ACTIVITY:
Using the listing below, retype only the lines from the line with "BMW Bagageruimteafdekking en" through the end, both ends included, and exclude the pictures.
....
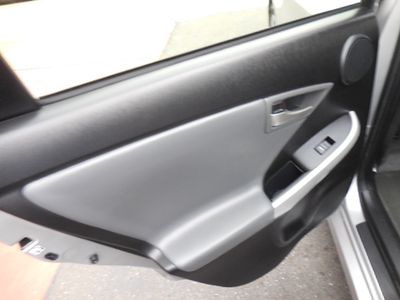 2013 Toyota Prius Four — photo 14 view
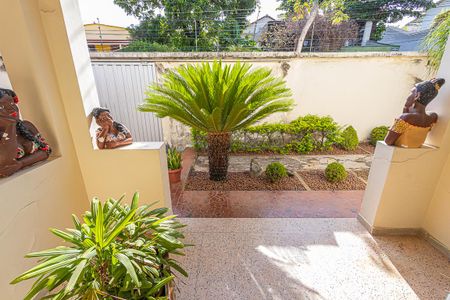 Casa à venda com 360m², 4 quartos e 2 vagasquintal / garagem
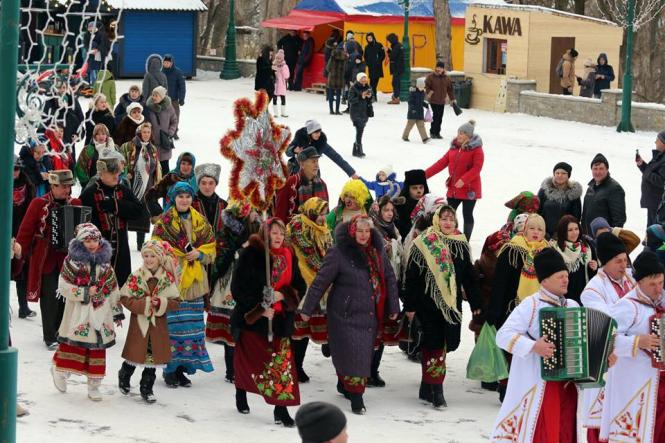 Новини Кам'янця-Подільського - фото з Щедрий вечір у Кам’янці-Подільському (Фото і Відео) Щедрий вечір у Кам’янці-Подільському (Фото і Відео), фото №3 на сайті 20minut.ua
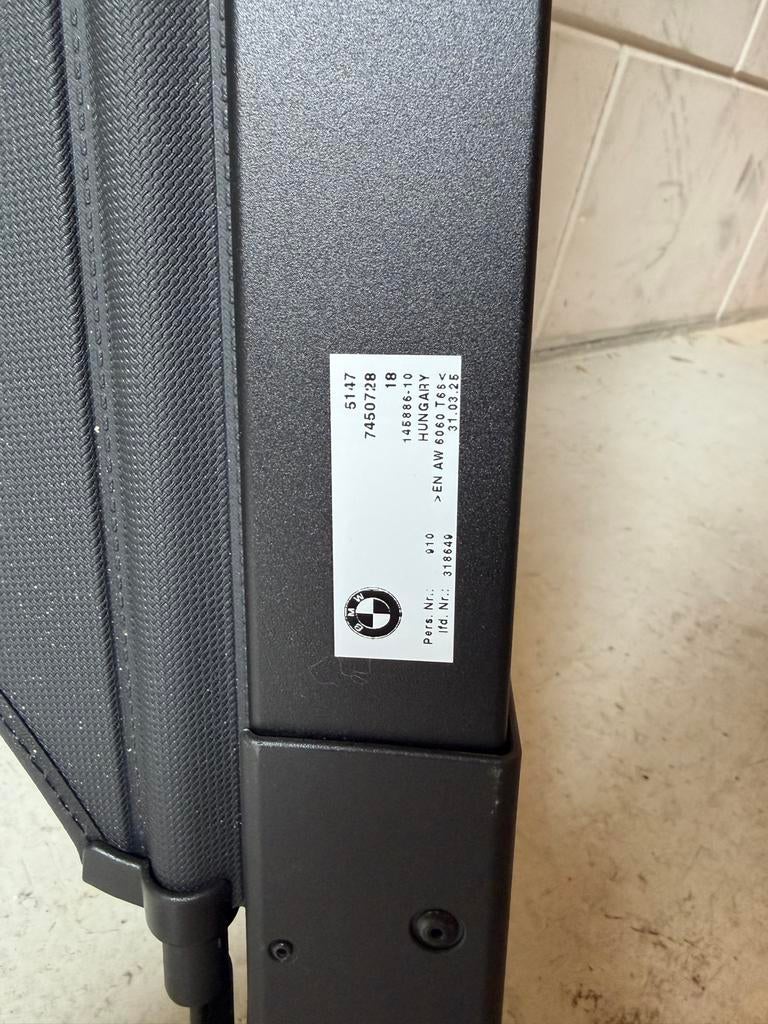 BMW Bagageruimteafdekking en hondenrek (51477450728), Ophalen of Verzenden, Gebruikt, BMW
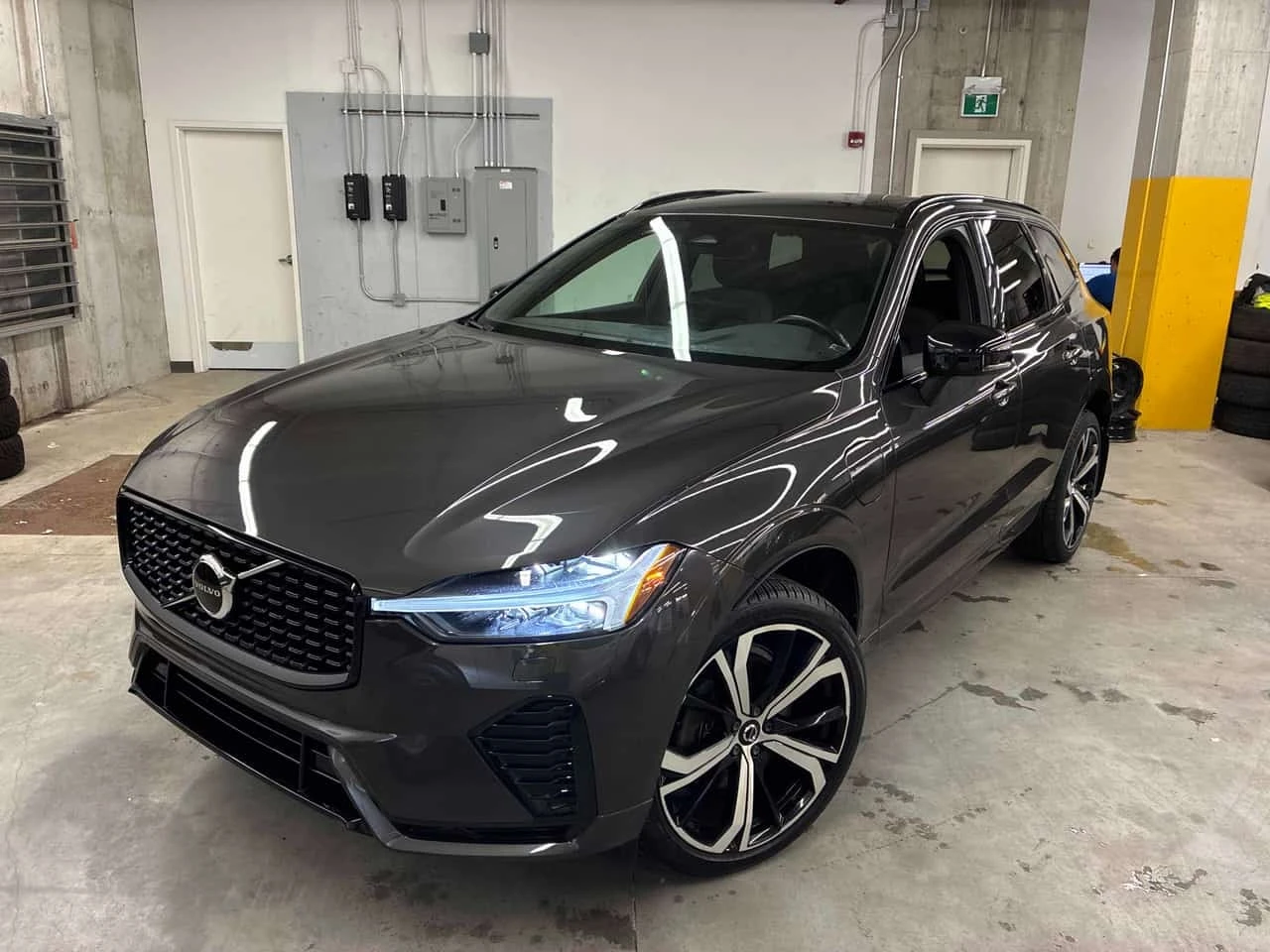 Volvo XC60 * R Design * CARFAX * ОПЦИЯ ЗА ФИНАНСИРАНЕ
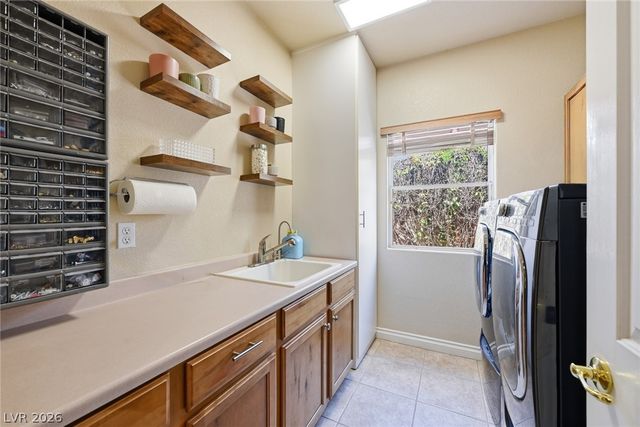 2753 Vikings Cove Lane, Las Vegas, NV 89117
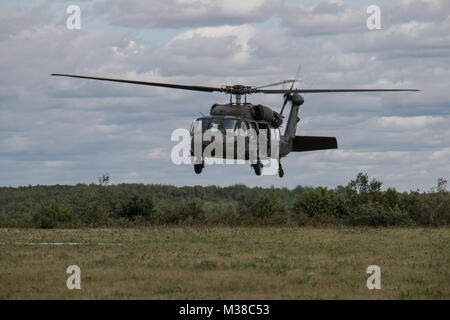 Formulaire 1 soldats du détachement, l'entreprise C, 3e bataillon du 142e Régiment d'aviation de la Garde nationale de l'Armée du Maine formé à la Base des Forces canadiennes Gagetown, Nouveau-Brunswick, Canada ce mois d'août en remplissant diverses simulations d'événements qui se produisent dans une zone de combat. Certaines de ces simulations de formation comprenait une ariel de tir où les chefs d'équipage tiré M240H machine automatique les armes hors des portes du côté des hélicoptères sur des cibles au sol. Cet effort fait partie de l'unité de formation annuel cette année. Maine (photo de Garde Nationale d'armée par la CPS. Jarod Dye) 170817-Z-RD516-0138 par Maine Banque D'Images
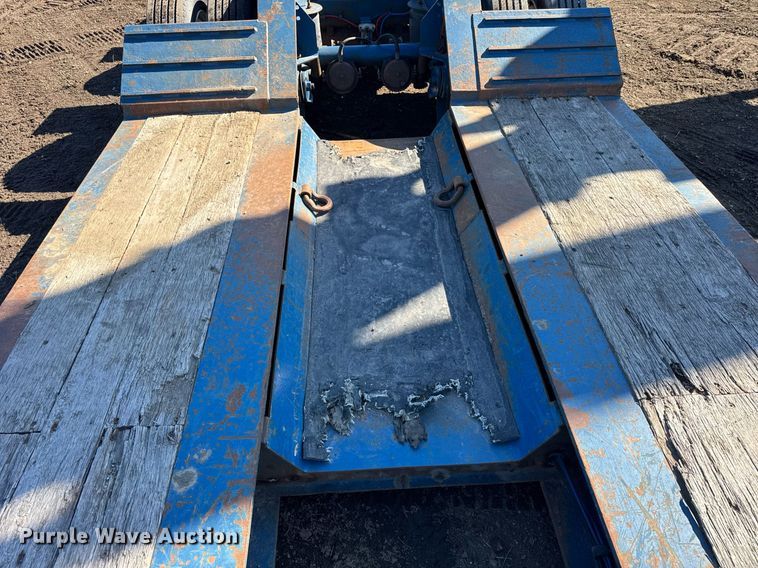 image for item DU3326 2003 Talbert T(4)DW-55-HPG-1-T1 lowboy equipment trailer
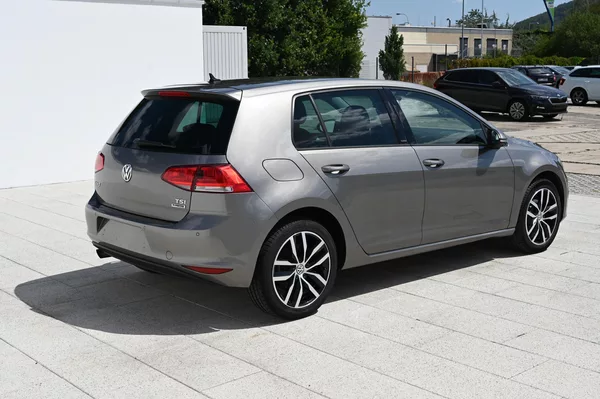 Volkswagen Golf 1.2TSI 81KW BMT rezervace - foto 5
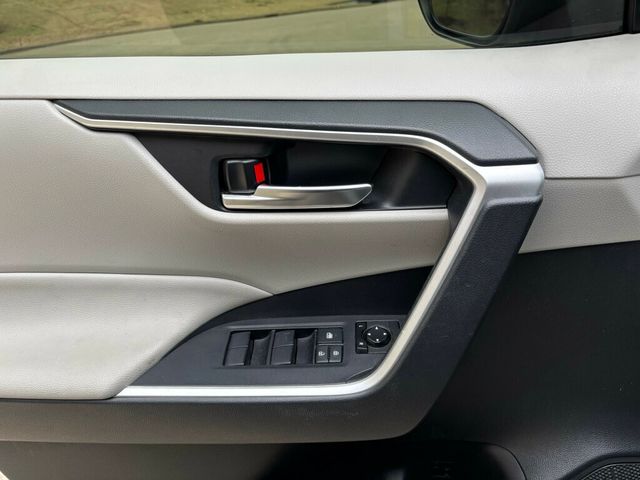 2019 Toyota RAV4 2019 TOYOTA RAV4 XLE - 22955020 - 26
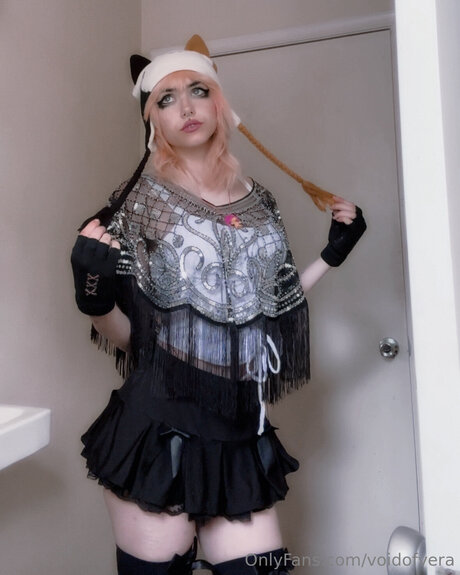 Voidofvera naked actress gallery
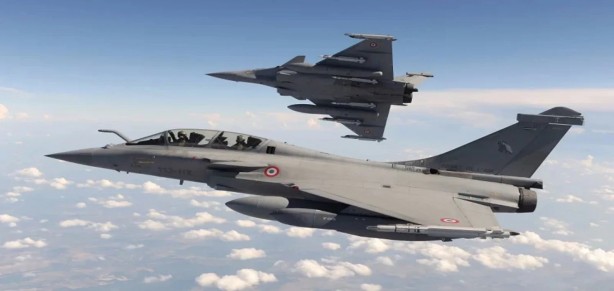 Foto - Türkiye'yi vurmaları için 4 milyar doları adeta çöpe attılar! Fransa'dan o ülkeye sinsi iltimas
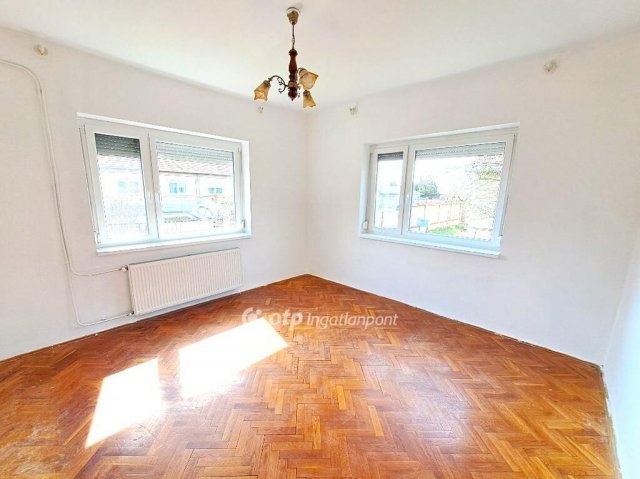Eladó családi ház, Abonyban 36.9 M Ft, 3 szobás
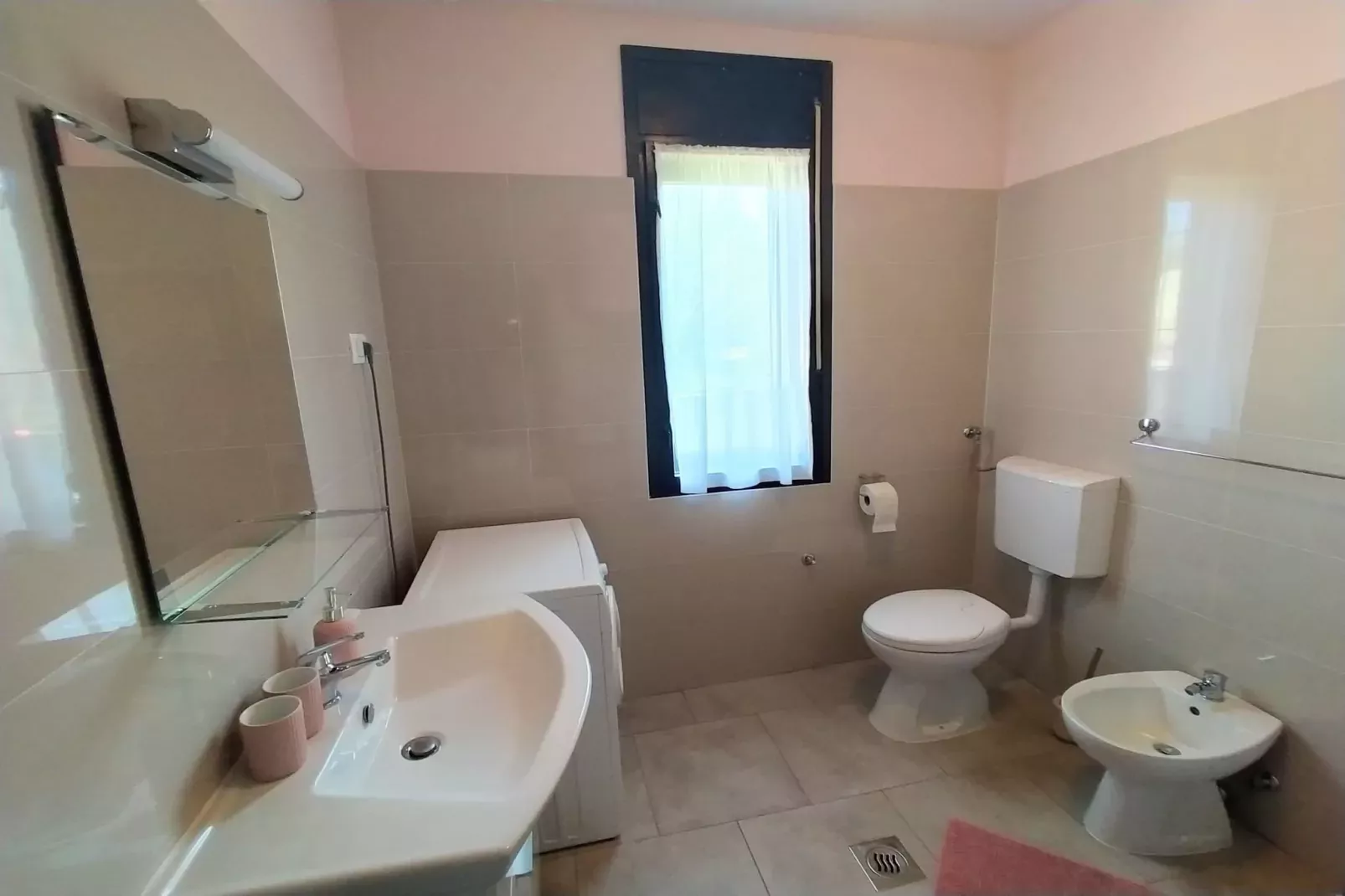 Holiday Home Sabina - Private Pool, BBQ Area-Badkamer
....
WRITTEN REPLY:
 BMW Bagageruimteafdekking en hondenrek (51477450728), Ophalen of Verzenden, Gebruikt, BMW
 Volvo XC60 * R Design * CARFAX * ОПЦИЯ ЗА ФИНАНСИРАНЕ
 2753 Vikings Cove Lane, Las Vegas, NV 89117
 Formulaire 1 soldats du détachement, l'entreprise C, 3e bataillon du 142e Régiment d'aviation de la Garde nationale de l'Armée du Maine formé à la Base des Forces canadiennes Gagetown, Nouveau-Brunswick, Canada ce mois d'août en remplissant diverses simulations d'événements qui se produisent dans une zone de combat. Certaines de ces simulations de formation comprenait une ariel de tir où les chefs d'équipage tiré M240H machine automatique les armes hors des portes du côté des hélicoptères sur des cibles au sol. Cet effort fait partie de l'unité de formation annuel cette année. Maine (photo de Garde Nationale d'armée par la CPS. Jarod Dye) 170817-Z-RD516-0138 par Maine Banque D'Images
 image for item DU3326 2003 Talbert T(4)DW-55-HPG-1-T1 lowboy equipment trailer
 Volkswagen Golf 1.2TSI 81KW BMT rezervace - foto 5
 2019 Toyota RAV4 2019 TOYOTA RAV4 XLE - 22955020 - 26
 Voidofvera naked actress gallery
 Foto - Türkiye'yi vurmaları için 4 milyar doları adeta çöpe attılar! Fransa'dan o ülkeye sinsi iltimas
Eladó családi ház, Abonyban 36.9 M Ft, 3 szobás
 Holiday Home Sabina - Private Pool, BBQ Area-Badkamer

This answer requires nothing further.